▶ **WORK REQUIRED**
All of the data should be given again word for word, though the images are to be left out.

▶ **DATA TO EXAMINE**
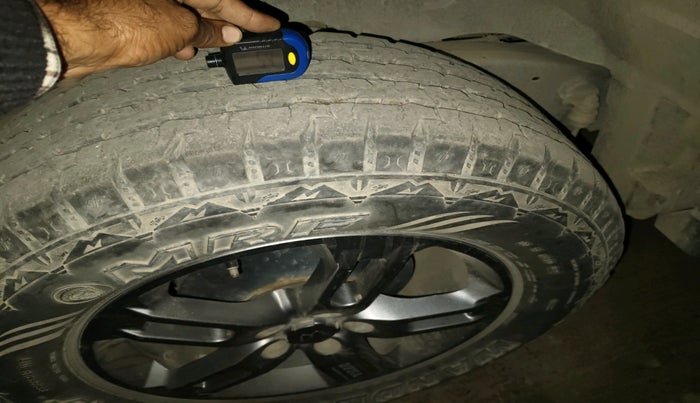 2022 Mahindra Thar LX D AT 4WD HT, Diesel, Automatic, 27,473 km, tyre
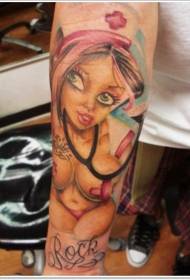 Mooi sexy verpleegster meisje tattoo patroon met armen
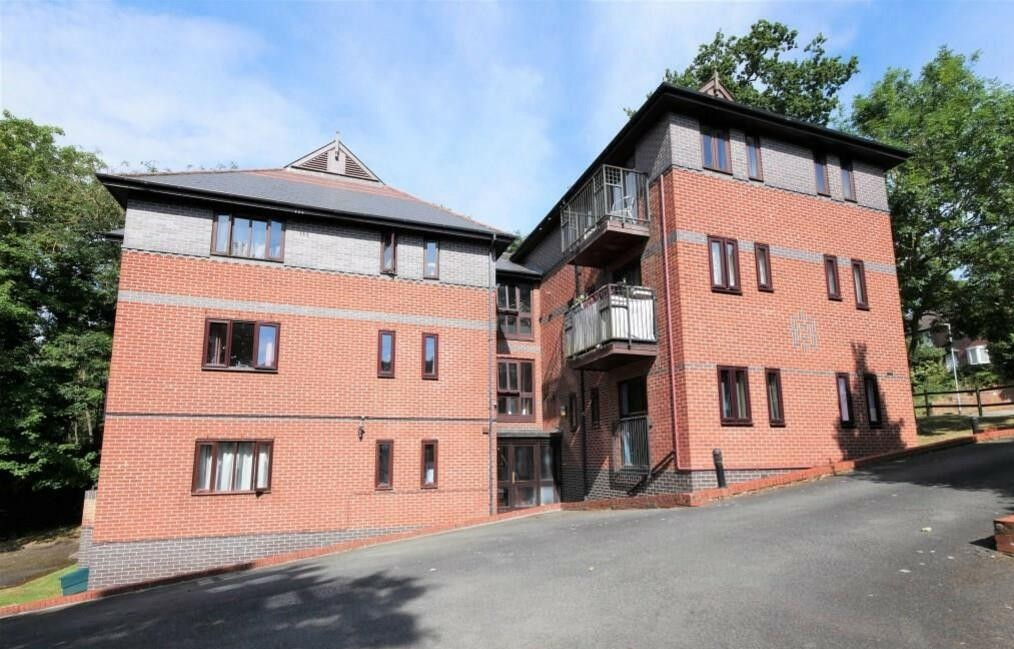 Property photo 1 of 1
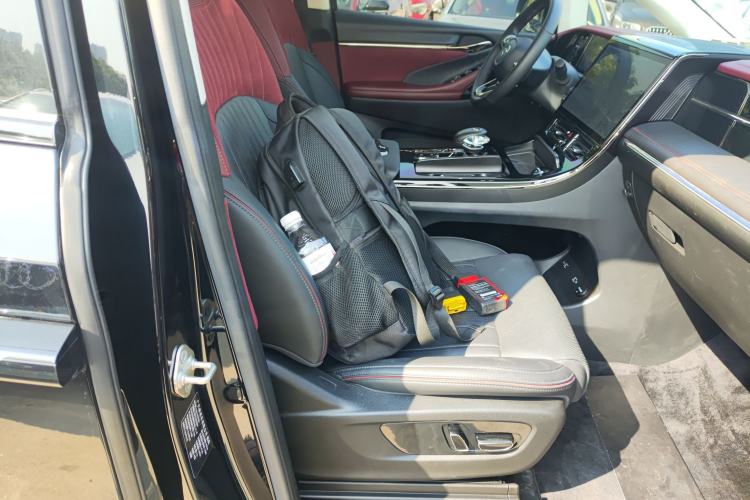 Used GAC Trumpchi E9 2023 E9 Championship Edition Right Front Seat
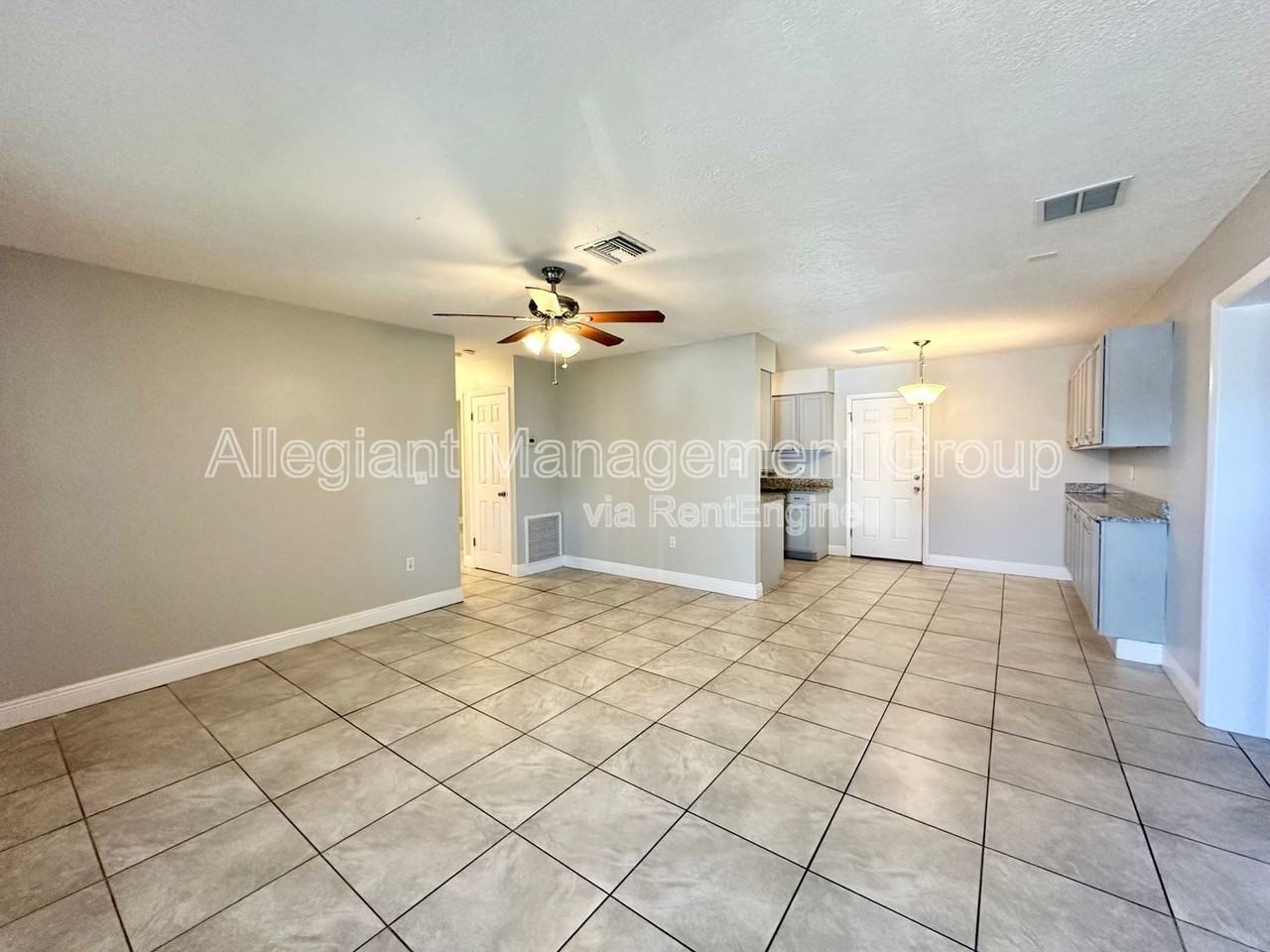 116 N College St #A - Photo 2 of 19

▶ **REPLY TO THE TASK**
 2022 Mahindra Thar LX D AT 4WD HT, Diesel, Automatic, 27,473 km, tyre
 Mooi sexy verpleegster meisje tattoo patroon met armen
 Property photo 1 of 1
 Used GAC Trumpchi E9 2023 E9 Championship Edition Right Front Seat
 116 N College St #A - Photo 2 of 19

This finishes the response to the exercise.